In October 2019, Sara Gelser, the Oregon lawmaker who is spearheading the state’s inquiry into the living conditions for out-of-state foster youth, said she first heard of improper and excessive restraints being used at Northern Illinois Academy, a Sequel facility outside Chicago. 

“I did a series of public records request, I found small children, 9-10 years old were being subjected to the same type of restraints that you saw with Cornelius, supine restraints where you’re held on the ground, immobilized, facing-up,” Gelser told WWMT, a news station in western Michigan. Since the lawsuit, Oregon has worked to reduce the number of foster youth they send across state lines.

Research shows that youth of color, like Fredericks, are more likely than their white counterparts to end up in facilities like Sequel’s. Black and Brown kids are overrepresented in both the child welfare system and the juvenile justice system.
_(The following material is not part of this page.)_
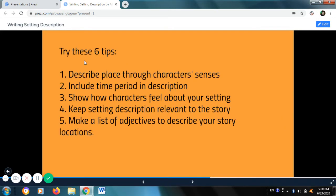Try these six tips. Number one: describe places through character senses. Number two: include time period in description. Number three: show how characters feel about your setting. Number four: keep setting description relevant to the story. Number five: make a list of adjectives to describe your story locations.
Though no one I talked to knew the racial demographics at Lakeside Academy, Fieger, Fredericks’ family’s lawyer, said all of the residents that reached out to him were Black. 

“We know that communities are overpoliced and that schools are overpoliced—particularly schools where Black and Brown young people go everyday,” says Clements of the National Juvenile Justice Network. “And so they’re more likely to end up in the justice system for regular youth behaviors. When you look at different states, you see the deeper you go in the system the more discrepancies exist. A young person moving through the system is more likely to be placed in a residential treatment facility or some other out-of-home placement just due to disparities, implicit bias and our system of overpolicing youth of color.”

As for Lakeside Academy, incident reports to Michigan’s child welfare licensing agency reveal nearly a dozen substantiated claims of neglect and abuse—both physical and verbal—by staff members over the past two years. Residents reported being cussed at, slapped, choked, scratched, and more.

In an email, a Sequel spokesperson said that it is accelerating an organizational restructuring toward “a holistic culture transformation to trauma-informed care.” The three staff members whose actions (or inaction) killed Fredericks have all been criminally charged with involuntary manslaughter and second-degree child abuse; Sequel says it supports the charges and is cooperating with the investigation. 

“The tragic loss of Cornelius at Lakeside Academy has only served to strengthen our resolve to reduce, minimize, and eventually eliminate the use of restraints on our campuses,” the spokesperson wrote.

But child welfare advocates are skeptical that reforming such a problematic program will be enough. “There’s no accountability or outcome evaluations for the treatment that these facilities are providing,” says Jason Smith, a policy director at the Michigan Center for Youth Justice. “If you care about public safety, if you care about children’s health, you have to care about these facilities that are supposed to be caring for the most vulnerable people.”

Just two weeks before Fredericks’ death, the company announced it would be expanding into Texas. According to the press release, the move will include several new nonresidential therapy programs for people on the autism spectrum or with speech disorders, intellectual delay, and neurological or attention deficit disorders.

“Sequel will now be providing care to more than 10,000 patients annually,” they wrote.